Many of the examples make use of equations such as:
--eqn 'classify: label ~ question1 + question2'
The keyword, classify, is a task (also known as text-classification). See here for more discussion of tasks such as: regress, classify_tokens, classify_spans, ctc, etc.
In the classification case, for each input (pairs of two questions), there is a single label (semantically similar or not). Classify also generalizes from binary classification to multiclass classification (for tasks such as emotion classification).
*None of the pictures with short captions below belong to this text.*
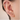 Close-up of an ear with multiple gold and diamond earrings on a neutral background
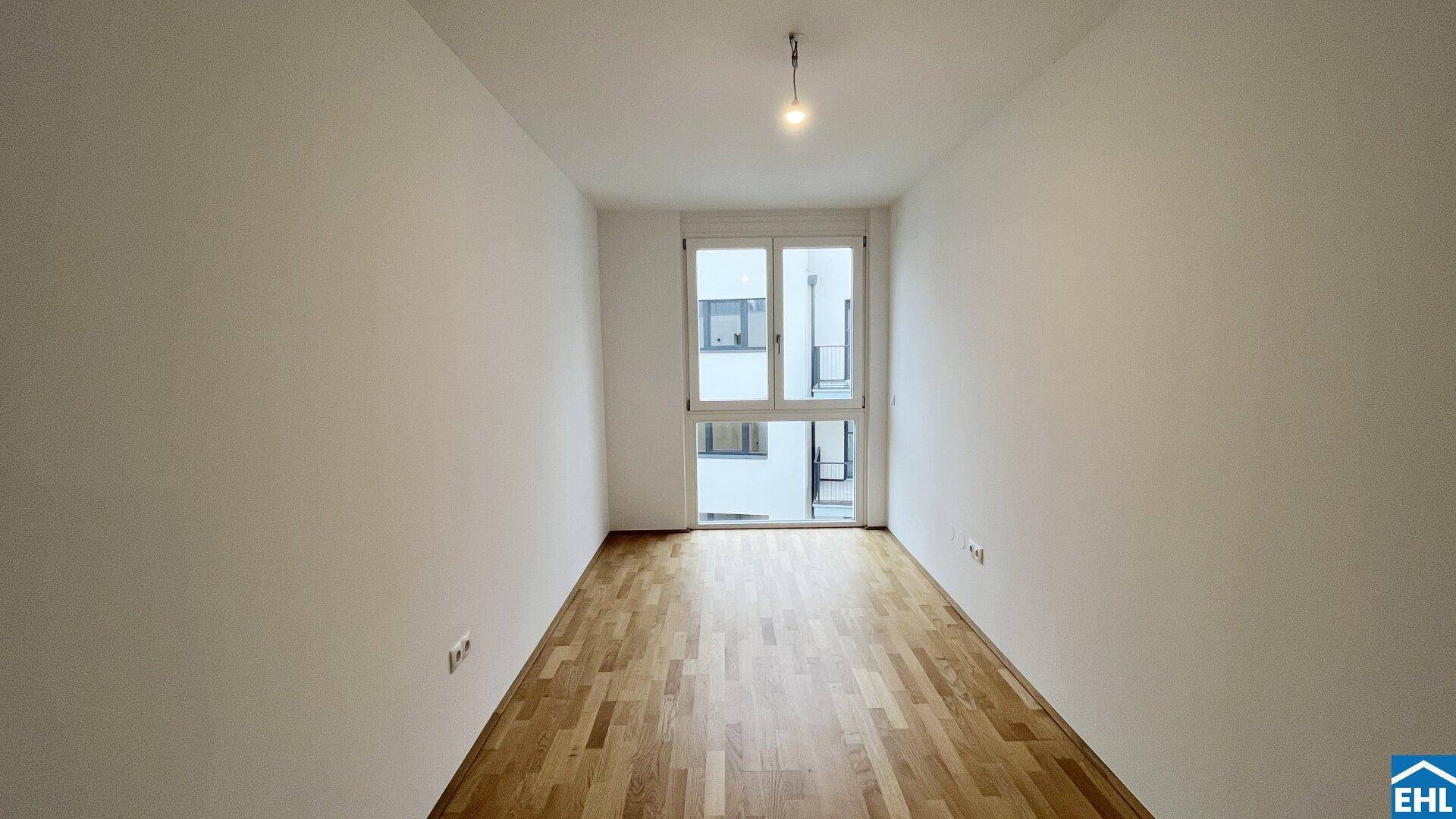 Helles, unmöbliertes Schlafzimmer mit Holzboden und Zugang zu einem Balkon, bereit für neue Bewohner.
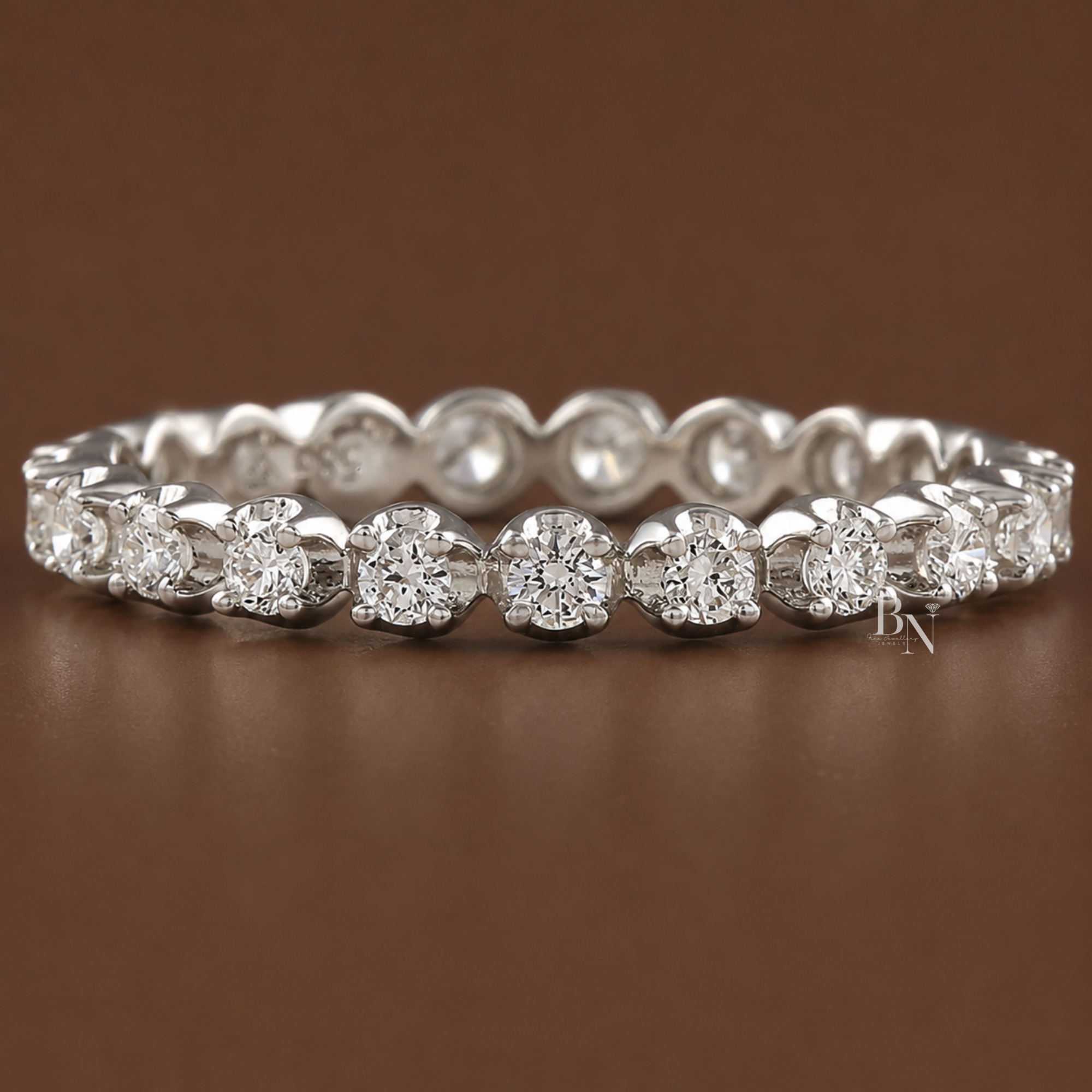 0.50 carat total weight round brilliant cut lab diamond full eternity band. Handcrafted in 14K white gold featuring a 2.5mm illusion style four-prong setting with small gaps. Perfect fine jewelry bridal stacking ring or elegant anniversary gift.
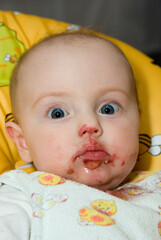 Baby Girl Eating in a High Chair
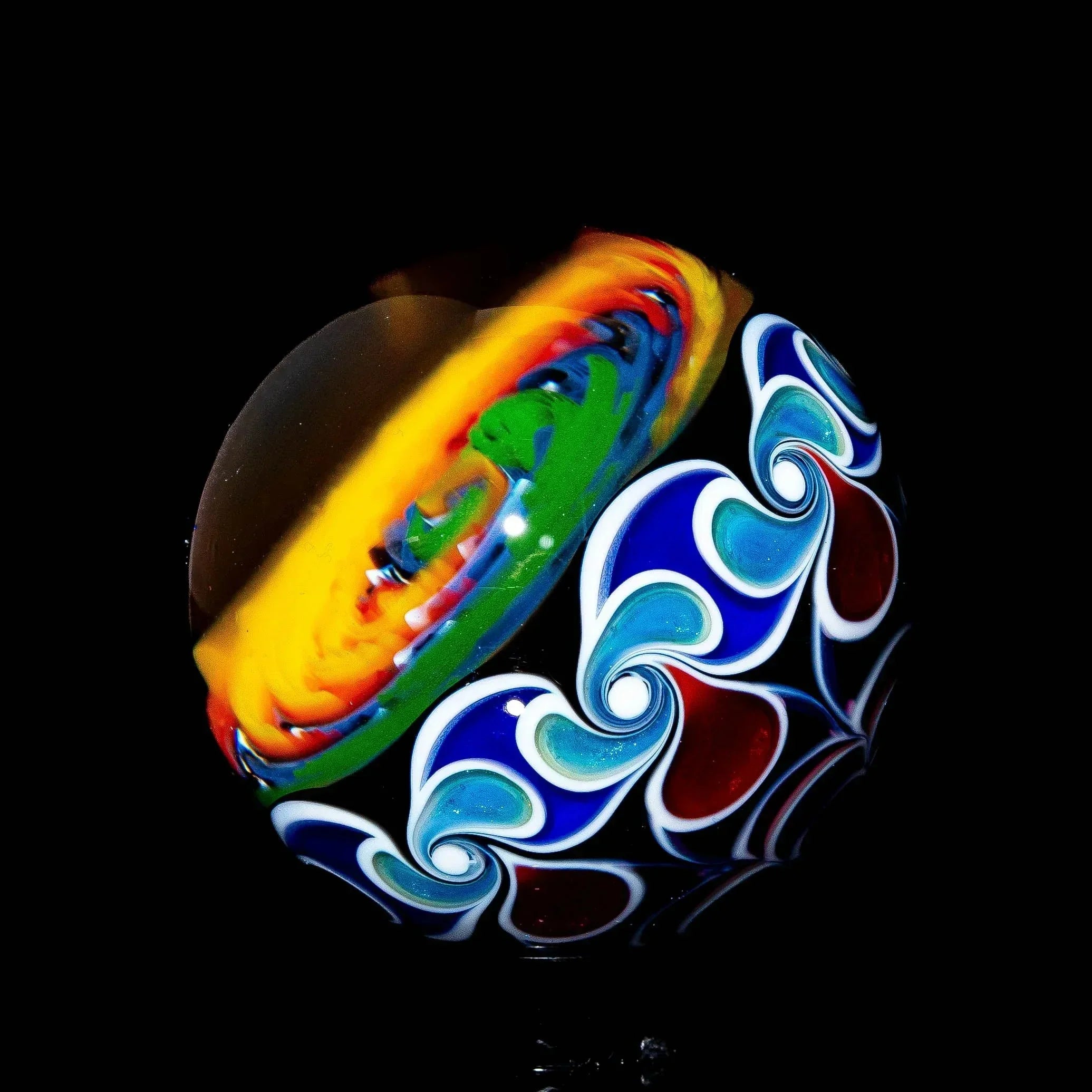 Colorful wig wag glass marble with vibrant swirls and flame-like designs on black background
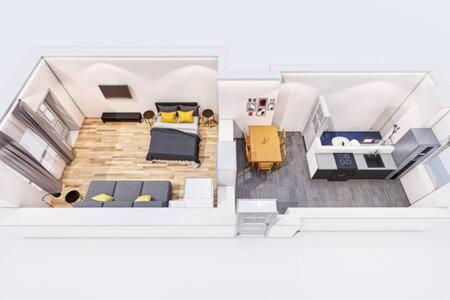 un modello di soggiorno con divano e tavolo di Cosy Apartment plus Self Checkin plus free Street parking a Berlino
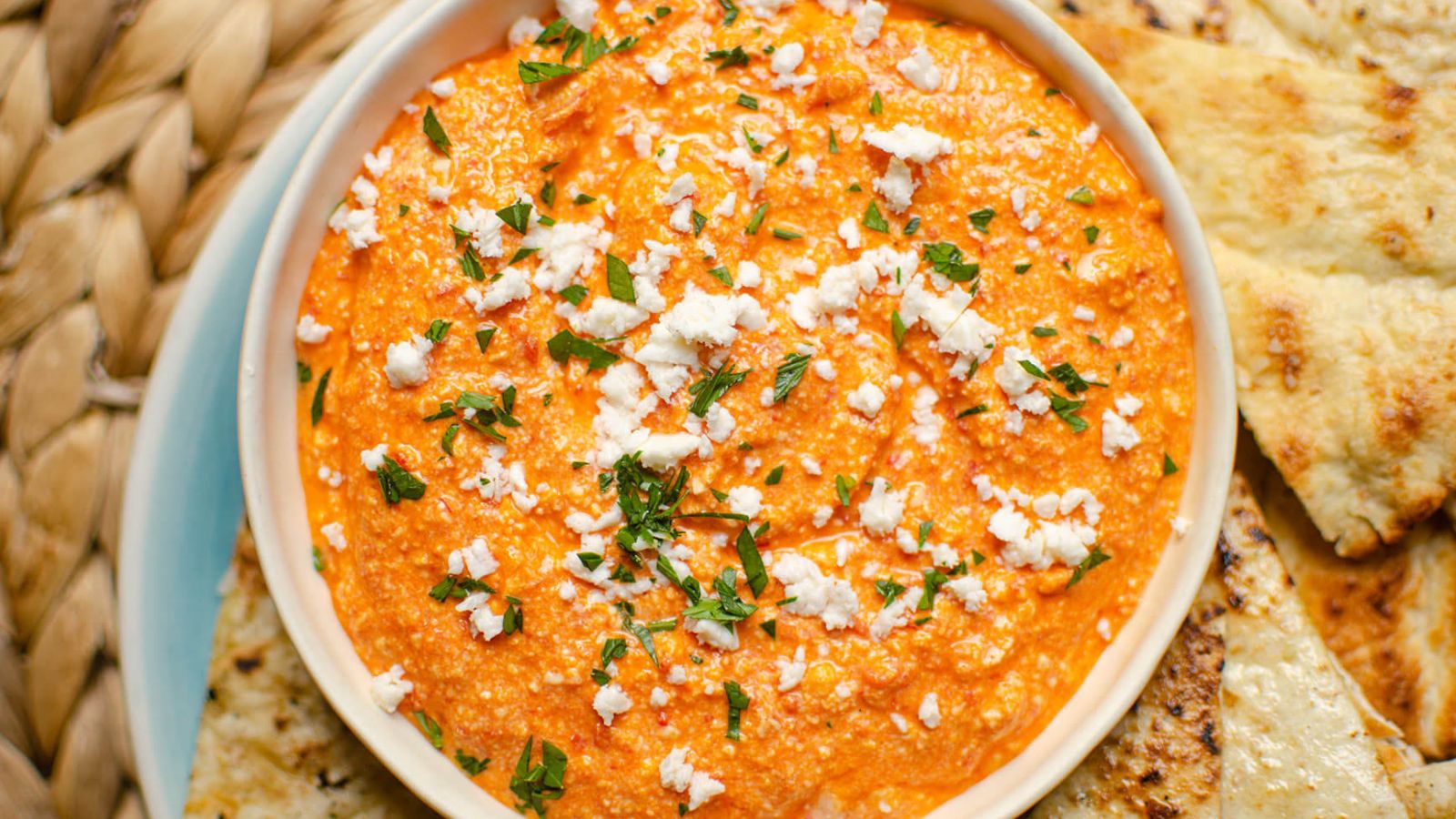 Bowl of tirokafteri dip topped with feta cheese.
As shown in the table below, equations start with a number of different keywords (tasks):
- classify: lhs denotes a set of classes
- regress : lhs denotes a point in a vector space
- classify_tokens : there is a classification task for each token on the rhs
- classify_spans : used for SQuAD-like tasks where the output should be a span (substring) of the rhs
- ctc: used in speech recognition where the input is audio and the output is text
There are a number of examples of equations in the table below:
Dataset | Subset | Data Argument | Equation | Pipeline Task | |
---|---|---|---|---|---|
GLUE | COLA | H:glue,cola | classify : label ~ sentence | text-classification | |
GLUE | SST2 | H:glue,cola | classify : label ~ sentence | text-classification | |
GLUE | WNLI | H:glue,cola | classify : label ~ sentence | text-classification | |
GLUE | MRPC | H:glue,cola | classify : label ~ sentence1 + sentence2 | text-classification | |
GLUE | QNLI | H:glue,cola | classify : label ~ sentence1 + sentence2 | text-classification | |
GLUE | QQP | H:glue,cola | classify : label ~ question + sentence | text-classification | |
GLUE | SSTB | H:glue,cola | regress : label ~ question1 + question2 | ||
GLUE | MNLI | H:glue,cola | classify : label ~ premise + hypothesis | text-classification | |
SQuAD 1.0 | H:squad | classify_spans : answers ~ question + context | question-answering | ||
SQuAD 2.0 | H:squad_v2 | classify_spans : answers ~ question + context | question-answering | ||
CONLL2003 | POS | H:conll2003 | classify_tokens : pos_tags ~ tokens | token-classification | |
CONLL2003 | NER | H:conll2003 | classify_tokens : ner_tags ~ tokens | token-classification | |
CONLL2003 | Chunking | H:conll2003 | classify_tokens : chunk_tags ~ tokens | token-classification | |
TIMIT | H:timit_asr | ctc: text ~ audio | automatic-speech-recognition | ||
LibriSpeech | H:librispeech_asr | ctc: text ~ audio | automatic-speech-recognition | ||
Amazon Reviews | H:amazon_reviews_multi | classify: stars ~ review_title + review_body | text-classification | ||
VAD | C:$gft/datasets/VAD/VAD | regress: Valence + Arousal + Dominance ~ Word |